O BANCO CENTRAL DO BRASIL, na forma do art. 9º da Lei nº
4.595, de 31 de dezembro de 1964, torna público que o CONSELHO
MONETÁRIO NACIONAL, em sessão realizada em 31 de janeiro de 2008, com
base no art. 4º, incisos XI e XII, da citada lei,
R E S O L V E U:
Art. 1º As instituições financeiras e demais instituições
autorizadas a funcionar pelo Banco Central do Brasil devem baixar um
ativo financeiro quando:
I - os direitos contratuais ao fluxo de caixa do ativo
financeiro expiram; ou
II - a venda ou transferência do ativo financeiro se
qualifica para a baixa nos termos desta resolução.
Art. 2º As instituições referidas no art. 1º devem
classificar a venda ou a transferência de ativos financeiros, para
fins de registro contábil, nas seguintes categorias:
I - operações com transferência substancial dos riscos e
benefícios;
II - operações com retenção substancial dos riscos e
benefícios;
III - operações sem transferência nem retenção substancial
dos riscos e benefícios.
§ 1º Na categoria operações com transferência substancial
dos riscos e benefícios devem ser classificadas as operações em que o
vendedor ou cedente transfere substancialmente todos os riscos e
benefícios de propriedade do ativo financeiro objeto da operação,
tais como:
I - venda incondicional de ativo financeiro;
II - venda de ativo financeiro em conjunto com opção de
recompra pelo valor justo desse ativo no momento da recompra;
III - venda de ativo financeiro em conjunto com opção de
compra ou de venda cujo exercício seja improvável de ocorrer.

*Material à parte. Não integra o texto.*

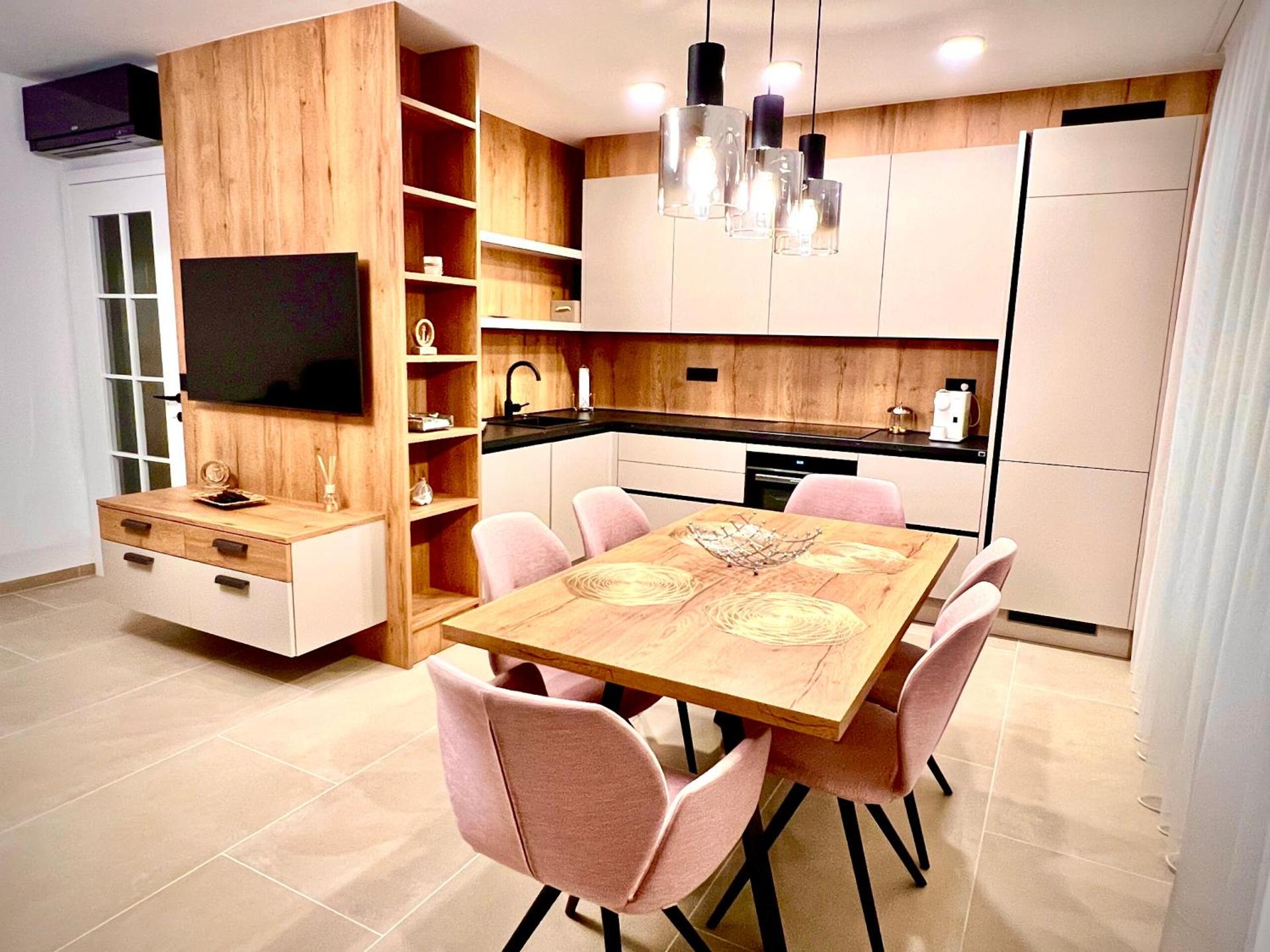 ZADAR Panorama Sea View Apartments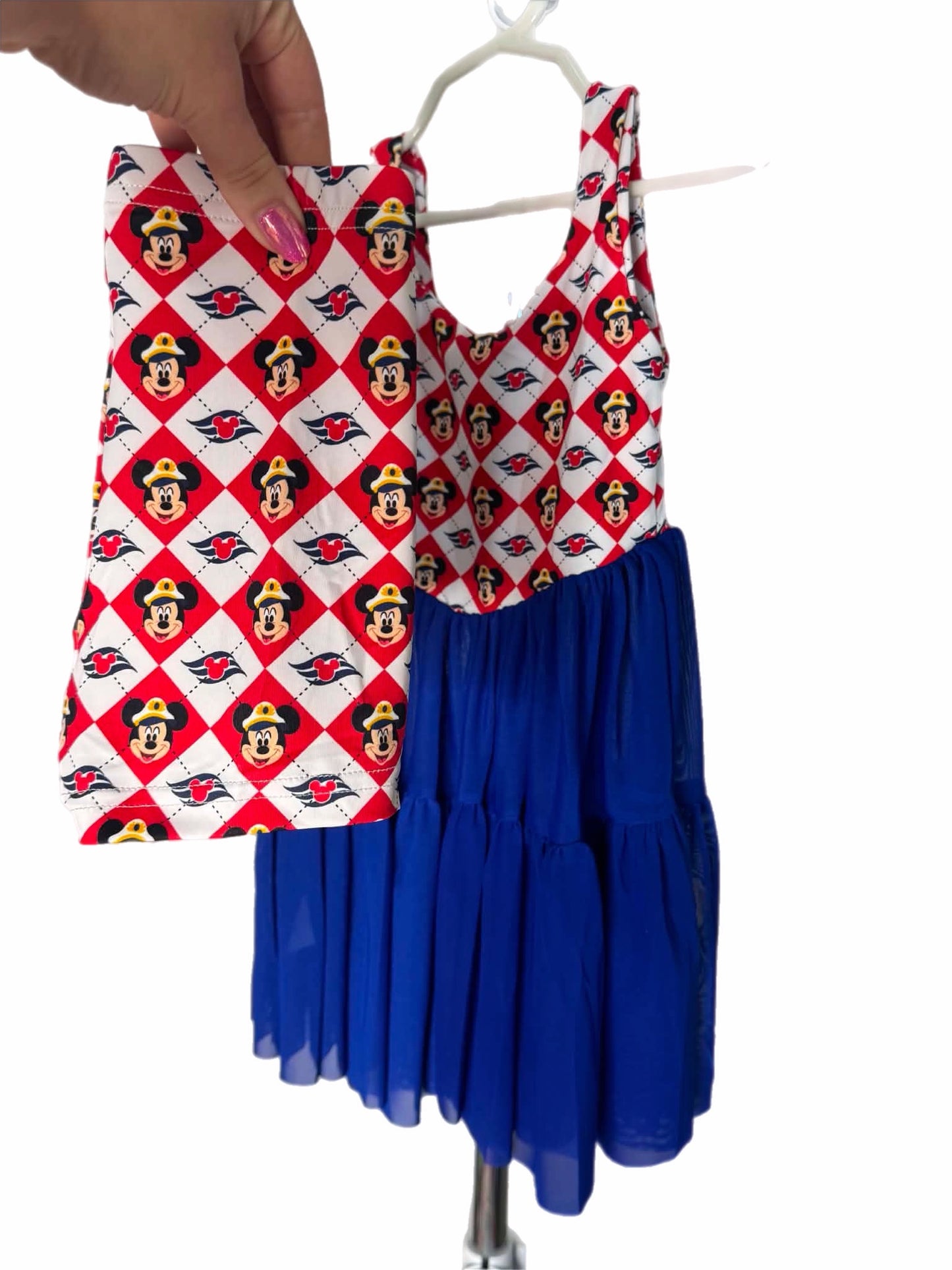 RTS DRESSES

§ 2º Na categoria operações com retenção substancial dos
riscos e benefícios devem ser classificadas as operações em que o
vendedor ou cedente retém substancialmente todos os riscos e
benefícios de propriedade do ativo financeiro objeto da operação,
tais como:
I - venda de ativo financeiro em conjunto com compromisso
de recompra do mesmo ativo a preço fixo ou o preço de venda
adicionado de quaisquer rendimentos;
II - contratos de empréstimo de títulos e valores
mobiliários;
III - venda de ativo financeiro em conjunto com swap de
taxa de retorno total que transfira a exposição ao risco de mercado
de volta ao vendedor ou cedente;
IV - venda de ativo financeiro em conjunto com opção de
compra ou de venda cujo exercício seja provável de ocorrer;
V - venda de recebíveis para os quais o vendedor ou o
cedente garanta por qualquer forma compensar o comprador ou o
cessionário pelas perdas de crédito que venham a ocorrer, ou cuja
venda tenha ocorrido em conjunto com a aquisição de cotas
subordinadas do Fundo de Investimento em Direitos Creditórios (FIDC)
comprador, observado o disposto no art. 3º.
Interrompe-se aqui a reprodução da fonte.